Dua mantan pimpinan DPRD Toraja Utara

Dua mantan pimpinan DPRD Toraja Utara yang menjadi terpidana kasus korupsi APBD 2002-2003 dikeluarkan dari Lembaga Pemasyarakatan (Lapas) Makale karena alasan sakit. Kedua terpidana itu, yakni MT Allorerung dan Welem Ganna Toding, dilaporkan menjalani perawatan di rumah sakit sejak pekan lalu. MT Allorerung disebutkan sedang dirawat di salah satu rumah sakit (RS) di Surabaya, sedangkan Welem Ganna Toding menjalani rawat inap di RS Elim Rantepao,Toraja Utara. Kedua terpidana itu sudah menjalani hukuman penjara selama enam bulan.

Mereka divonis satu tahun penjara sejak September 2010. Kepala Lapas (Kalapas) Makale Darwis Hamal membenarkan kedua terpidana itu menjalani perawatan di RS. MT Allorerung, yang masih tercatat sebagai anggota Fraksi Golkar DPRD Tana Toraja periode 2009–2014, sempat dirawat di RSUD Lakipadada, Makale. Namun, sakit yang dideritanya dinilai cukup parah dan fasilitas medis yang dimiliki RSUD Lakipadada minim, dia dirujuk ke salah satu RS di Surabaya.

Informasi yang diperoleh SINDO,MT Allorerung dirawat di rumah sakit sejak 28 Februari lalu. Meski begitu, Kalapas Makale tidak menjelaskan jenis penyakit yang diderita MT Allorerung. Sementara itu, Welem Ganna Toding disebutkan mengalami keluhan pada ginjal karena sebelumnya pernah melakukan pencangkokan ginjal. “Kedua terpidana terpaksa kami larikan ke rumah sakit untuk mendapatkan perawatan medis karena Lapas Makale belum memiliki dokter.
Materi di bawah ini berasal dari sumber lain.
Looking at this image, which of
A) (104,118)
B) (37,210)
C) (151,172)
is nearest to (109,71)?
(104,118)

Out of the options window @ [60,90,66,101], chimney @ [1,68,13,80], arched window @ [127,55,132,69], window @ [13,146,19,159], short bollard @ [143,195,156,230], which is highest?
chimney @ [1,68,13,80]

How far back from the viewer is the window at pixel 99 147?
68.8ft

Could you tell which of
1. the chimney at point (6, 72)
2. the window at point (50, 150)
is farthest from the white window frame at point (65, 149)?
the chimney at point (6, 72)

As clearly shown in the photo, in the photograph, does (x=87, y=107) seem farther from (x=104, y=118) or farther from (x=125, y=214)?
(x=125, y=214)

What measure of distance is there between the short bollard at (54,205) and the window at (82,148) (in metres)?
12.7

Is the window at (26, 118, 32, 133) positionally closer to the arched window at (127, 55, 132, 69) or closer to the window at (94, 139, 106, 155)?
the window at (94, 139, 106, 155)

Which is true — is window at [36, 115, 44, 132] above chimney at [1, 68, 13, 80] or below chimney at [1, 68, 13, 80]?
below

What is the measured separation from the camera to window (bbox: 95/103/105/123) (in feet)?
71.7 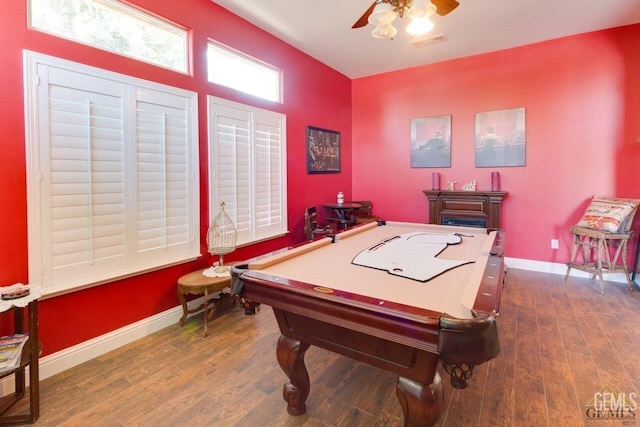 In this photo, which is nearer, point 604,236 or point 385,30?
point 385,30

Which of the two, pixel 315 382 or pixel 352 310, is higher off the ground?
pixel 352 310

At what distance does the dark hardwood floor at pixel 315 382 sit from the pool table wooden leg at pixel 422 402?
523mm

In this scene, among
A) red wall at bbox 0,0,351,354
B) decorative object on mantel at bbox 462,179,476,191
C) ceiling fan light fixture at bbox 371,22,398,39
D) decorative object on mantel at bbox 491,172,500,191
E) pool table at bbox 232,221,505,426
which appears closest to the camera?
pool table at bbox 232,221,505,426

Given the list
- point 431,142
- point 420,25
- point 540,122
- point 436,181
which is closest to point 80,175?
point 420,25

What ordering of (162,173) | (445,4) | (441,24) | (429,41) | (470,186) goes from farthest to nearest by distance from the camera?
(470,186), (429,41), (441,24), (162,173), (445,4)

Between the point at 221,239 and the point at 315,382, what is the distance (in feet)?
5.37

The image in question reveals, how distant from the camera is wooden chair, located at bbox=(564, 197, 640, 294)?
11.3ft

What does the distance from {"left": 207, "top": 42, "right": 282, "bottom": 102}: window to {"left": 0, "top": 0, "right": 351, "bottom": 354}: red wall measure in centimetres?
10

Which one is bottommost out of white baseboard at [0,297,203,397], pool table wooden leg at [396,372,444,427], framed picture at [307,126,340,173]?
white baseboard at [0,297,203,397]

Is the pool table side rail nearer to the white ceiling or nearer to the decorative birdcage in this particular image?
the decorative birdcage

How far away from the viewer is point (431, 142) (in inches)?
194

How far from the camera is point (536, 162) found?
13.9 ft

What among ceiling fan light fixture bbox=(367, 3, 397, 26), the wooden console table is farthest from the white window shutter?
the wooden console table

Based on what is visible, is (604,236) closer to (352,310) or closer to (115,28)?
(352,310) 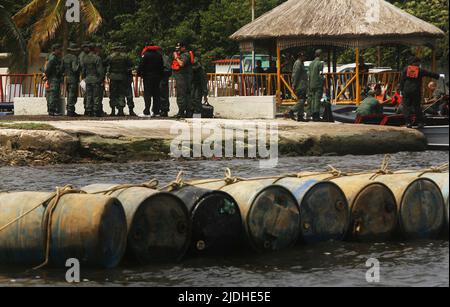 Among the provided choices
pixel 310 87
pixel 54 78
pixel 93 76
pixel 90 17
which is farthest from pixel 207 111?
→ pixel 90 17

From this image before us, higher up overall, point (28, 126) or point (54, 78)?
point (54, 78)

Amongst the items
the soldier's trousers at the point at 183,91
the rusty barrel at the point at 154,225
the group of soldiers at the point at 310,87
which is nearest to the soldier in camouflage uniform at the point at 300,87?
the group of soldiers at the point at 310,87

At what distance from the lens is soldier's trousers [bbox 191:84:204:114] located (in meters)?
29.9

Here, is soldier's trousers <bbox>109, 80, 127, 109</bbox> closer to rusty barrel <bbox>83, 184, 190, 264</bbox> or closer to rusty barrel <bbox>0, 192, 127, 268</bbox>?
rusty barrel <bbox>83, 184, 190, 264</bbox>

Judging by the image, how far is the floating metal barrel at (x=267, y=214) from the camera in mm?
12820

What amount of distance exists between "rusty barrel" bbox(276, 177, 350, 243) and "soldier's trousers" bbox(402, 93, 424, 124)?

Keduanya mengeluhkan gangguan kesehatan dan harus dirawat intensif di rumah sakit,” ungkap Kalapas di Makale, kemarin. Dirujuknya dua terpidana kasus korupsi itu ke RS sudah sesuai prosedur yang berlaku. Pihaknya juga sudah melaporkan hal tersebut ke Kantor Wilayah Departemen Hukum dan HAM Sulawesi Selatan.Selama menjalani perawatan medis di RS, kedua napi juga didampingi petugas Lapas Makale.

Ketua Lembaga Pemantau Penyelenggara Negara Republik Indonesia (LPPN RI) Yonathan WS menyatakan, Lapas Makale tidak boleh membedabedakan penghuni yang menjalani hukuman.Tahanan yang akan dirawat di luar lapas harus sesuai prosedur. “Lapas harus membuktikan bahwa dikeluarkannya seorang terpidana dari lapas itu sesuai prosedur. Jangan sampai tahanan berdalih sakit, padahal hanya untuk menikmati udara bebas di luar,”ujar dia. Dia juga mengkritik lapas yang tidak memiliki dokter untuk memeriksa tahanan atau napi yang sakit.

Hal itu dinilai bisa menjadi celah bagi napi untuk meminta keluar dari lapas karena alasan ingin berobat. Koordinator Lembaga Pemantau Legislatif (Kopel) Tana Toraja Muh Jakfar menyatakan, Kopel Sulsel telah menyurati Badan Kehormatan (BK) DPRD Tana Toraja untuk segera mengajukan proses pergantian antarwaktu (PAW) terhadap MT Allorerung sebagai anggota DPRD Tana Toraja.

MT Allorerung dinilai sudah harus diganti karena telah melanggar aturan, yakni tidak menjalankan kewajibannya sebagai anggota DPRD. Tiga mantan pimpinan DPRD Tana Toraja periode 1999–2004, yakni MT Allorerung, Welem Ganna Toding, dan Stephen Sonda Bassa, divonis bersalah oleh Mahkamah Agung dalam kasus Anggaran Pendapatan dan Belanja Daerah (APBD) Tana Toraja 2002- 2003.

Dana APBD itu meliputi anggaran pemberdayaan perempuan 2002, anggaran mobilitas anggota DPRD 2002, dan anggaran pengadaan barang/ jasa DPRD Tana Toraja 2003. Total kerugian negara yang ditimbulkan dalam penyalahgunaan APBD Tana Toraja 2002-2003 itu sekitar Rp200 juta. Demikian Informasi terkini tentang Dua mantan pimpinan DPRD Toraja Utara.